Exercise description: Only the lines from the one containing "26SS 베르사체 VERSACE" through the end of the data belong in the answer; reproduce them exactly.

Source information:

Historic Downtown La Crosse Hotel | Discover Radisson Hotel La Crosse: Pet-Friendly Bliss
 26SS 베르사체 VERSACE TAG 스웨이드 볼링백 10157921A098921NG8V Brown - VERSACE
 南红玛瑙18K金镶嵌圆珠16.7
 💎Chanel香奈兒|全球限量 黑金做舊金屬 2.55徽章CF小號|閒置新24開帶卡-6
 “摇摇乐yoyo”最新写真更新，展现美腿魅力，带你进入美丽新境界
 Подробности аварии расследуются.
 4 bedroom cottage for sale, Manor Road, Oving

Task result:
 26SS 베르사체 VERSACE TAG 스웨이드 볼링백 10157921A098921NG8V Brown - VERSACE
 南红玛瑙18K金镶嵌圆珠16.7
 💎Chanel香奈兒|全球限量 黑金做舊金屬 2.55徽章CF小號|閒置新24開帶卡-6
 “摇摇乐yoyo”最新写真更新，展现美腿魅力，带你进入美丽新境界
 Подробности аварии расследуются.
 4 bedroom cottage for sale, Manor Road, Oving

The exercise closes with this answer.